Dua Puluh

28.1K 1.9K 49
                                        

"Kenapa dulu kamu ninggalin saya?" tanya Giri, sementara tangannya sibuk membelai rambut Davinsha yang  tadinya kusut banget itu, kini jadi kembali lurus. Jujur saja, Davinsha merasa nyaman. Jadinya maunya keterusan.

Davinsha sendiri kini menyandarkan kepala ke dada kokoh Giri. Lelaki itu kini duduk di pinggir ranjang pasien , dengan kedua lengan memeluk pinggang dan bahu perempuan itu. Menopang berat tubuhnya dengan mantap.

Davinsha kemudian mendongak. "Kenapa Mas Giri nanyain itu?"

"Karena waktu itu saya nyari kamu. Setengah mati rasanya waktu seminggu kemudian nggak nemuin kamu lagi." Tutur Giri yang tangannya masih sibuk membelai rambut perempuan itu. Sesekali mampir ke wajahnya.

Begitu mencium bibir Davinsha, Giri merasa dirinya seperti seorang musafir di padang pasir Afrika yang berbulan- bulan berjalan tanpa tentu arah, tanpa air, tanpa makanan, lalu menemukan oase.

Pada diri Davinsha lah ia menemukan oase itu. Rasanya tidak pernah puas mereguk bibir ranum milik perempuan itu. Rasa manis bercampur pahit. Kering karena perempuan itu sedang sakit, semuanya berbaur jadi satu di mulut Giri sendiri.

"Tadi itu nggak takut ketularan?" tiba- tiba pertanyaan Davinsha ke luar dari konteks pembicaraan mereka tentang mengapa Davinsha meninggalkan Giri. "Eh, tifus bisa nular nggak sih? Itu disebabkan bakteri kan ya?"

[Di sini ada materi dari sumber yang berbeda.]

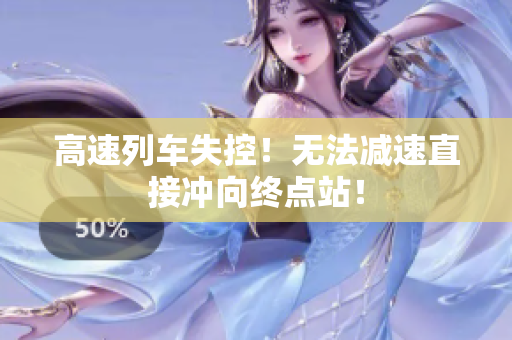 高速列車失控！無法減速直接沖向終點(diǎn)站！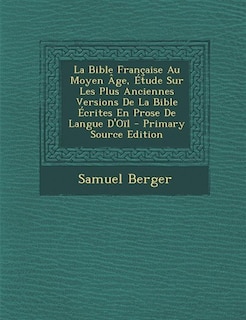 Couverture_La Bible Française Au Moyen Âge, Étude Sur Les Plus Anciennes Versions De La Bible Écrites En Prose De Langue D'Oïl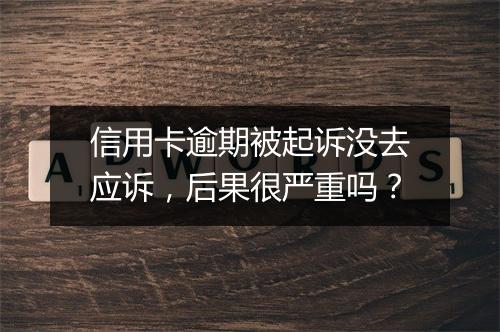 信用卡逾期被起诉没去应诉，后果很严重吗？
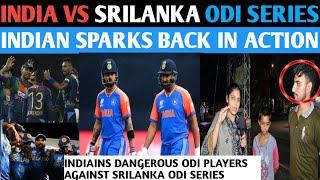 INDIA VS SRILANKA ODI SERIESINDIAN SPARKS BACK IN ACTION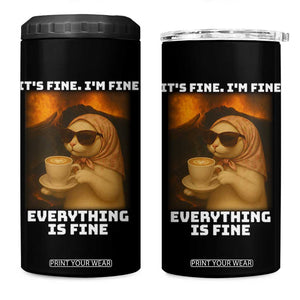 Funny Cat Meme 4 in 1 Can Cooler Tumbler It Is Fine I Am Fine Every Thing Is Fine TS14 One Size: 16 oz Black Print Your Wear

"Saya nggak peduli kalo mau ketularan juga." Giri kembali menunduk untuk mencium rambut Davinsha.

Davinsha yang kaget dengan ciuman tiba- tiba itu,  mengangkat tubuhnya. Melepaskan diri dari belitan lengan- lengan Giri yang sebenarnya nyaman banget itu. Feels like home. Seharusnya, ini yang mereka lakukan sepuluh tahun yang lalu setelah bercinta. Bukannya malah kabur ke Surabaya lalu menyesal.

"Kenapa?" Giri merasa kehilangan.

"Nggak," Davinsha menggeleng. "Mas Giri tadi belum jawab pertanyaan gue. Kenapa Mas Giri ada di sini? Mendadak pula?"

"Apa ciuman tadi nggak cukup buat menjelaskan semuanya?"

Davinsha bengong. "Setiap hari, setiap jam, menit, detik, ada banyak orang yang berciuman!" sanggah Davinsha. "Itu nggak berarti sesuatu yang spesial kan?" tangan Davinsha bergerak - gerak tak jelas. "Hari gini ngakunya sahabatan juga akhirnya ciuman. Ngakunya temen biasa juga ciuman. Giliran baper aja bilangnya itu ciuman dilakuin atas dasar suka sama suka!" suasana berubah panas.

Rahang Giri mengetat kaku. "Jadi, kamu maunya saya jawab apa?"

"Jawab yang jelas,"

"Saya juga mau kamu jawab yang jelas,"

"Oke." Davinsha akhirnya menyetujui. "Kenapa Mas Giri cium saya,"

"Saya kepingin cium kamu." Jawabanya mantap. Tatapannya tajam. Tegas. "Kalo kamu masih ngejar lagi dengan pertanyaan kenapa, saya akan cium kamu sekali lagi!"

Davinsha mendesah lelah. Tapi toh ia tidak menyanggah kata- kata Giri barusan. Perempuan itu malah kembali berbaring. "Yang kita lakuin sepuluh tahun lalu salah, Mas ...."

"Secara moral itu memang salah. Tapi  walau begitu, kamu nggak berhak lari begitu saja dari  saya setelahnya!"

"Gue ngerasa bersalah sama Mel."

"Waktu itu saya dan Mel sudah putus. Kamu yang berasumsi kalo kami masih punya hubungan. Kamu yang tiba-tiba datang ke kosan  dan berniat nyeret saya ke tempat Mel."

"Tapi Mas Giri sekarang masih ada hubungan sama Mel, kan?"

Giri menatapnya intensitas yang membuat perut Davinsha mulas bukan main. Rasanya seperti dipelintir- pelintir. Dipilin- pilin. "Semuanya itu nggak akan kejadian seandainya aja kamu nggak buru- buru kabur."